[YOUR ASSIGNMENT] A verbatim copy is needed of the lines below from the one containing "Large Leather Travel" up to and including the one containing "white background. Warning", excluding pictures.
(INPUT DATA begins)
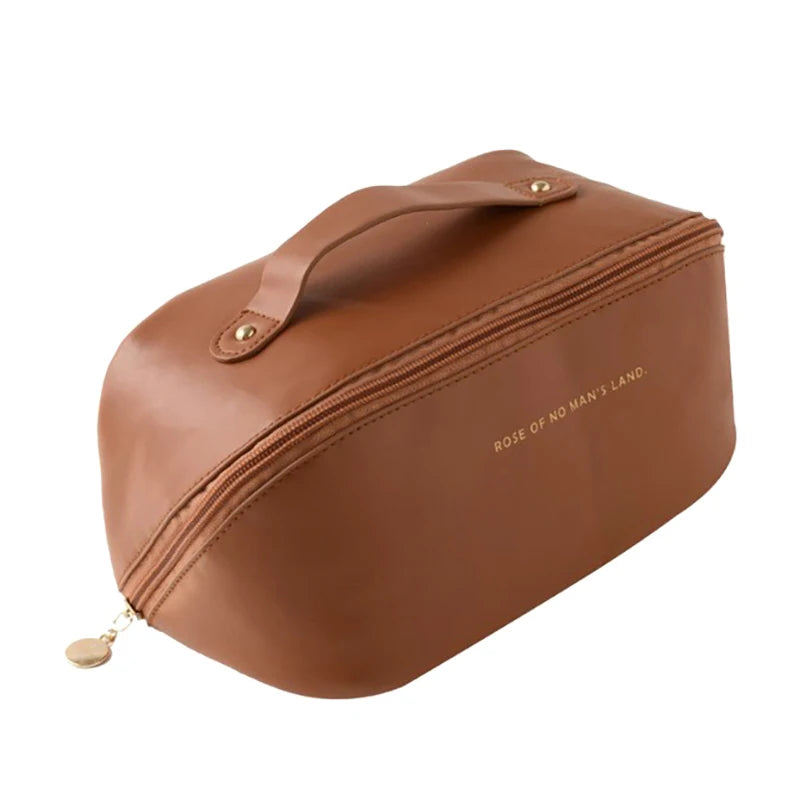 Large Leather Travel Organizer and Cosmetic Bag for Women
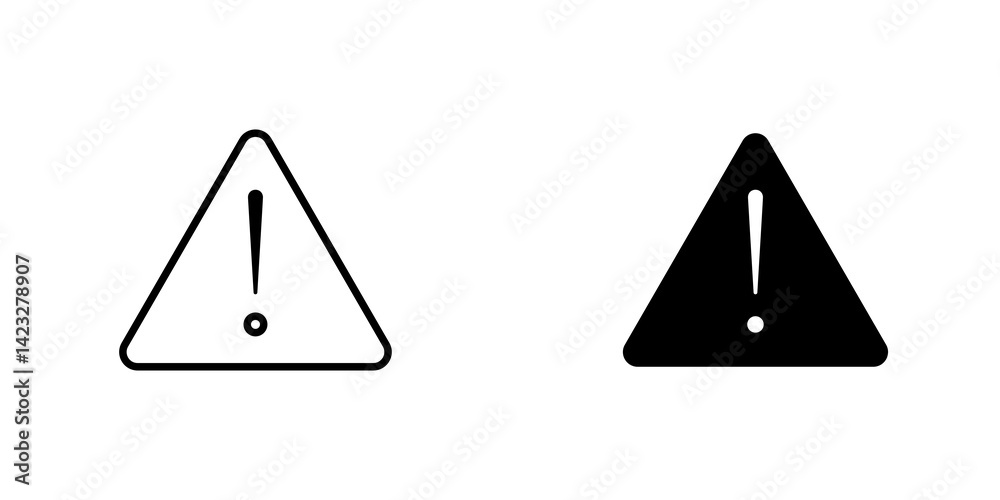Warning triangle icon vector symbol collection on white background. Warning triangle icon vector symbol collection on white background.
(INPUT DATA ends)
(INPUT DATA begins)
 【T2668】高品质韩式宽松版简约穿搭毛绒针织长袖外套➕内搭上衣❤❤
(INPUT DATA ends)
(INPUT DATA begins)
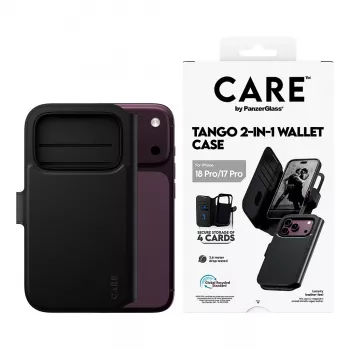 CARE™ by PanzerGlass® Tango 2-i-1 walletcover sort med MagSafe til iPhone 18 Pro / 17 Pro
(INPUT DATA ends)
[TASK RESPONSE]
 Large Leather Travel Organizer and Cosmetic Bag for Women
Warning triangle icon vector symbol collection on white background. Warning triangle icon vector symbol collection on white background.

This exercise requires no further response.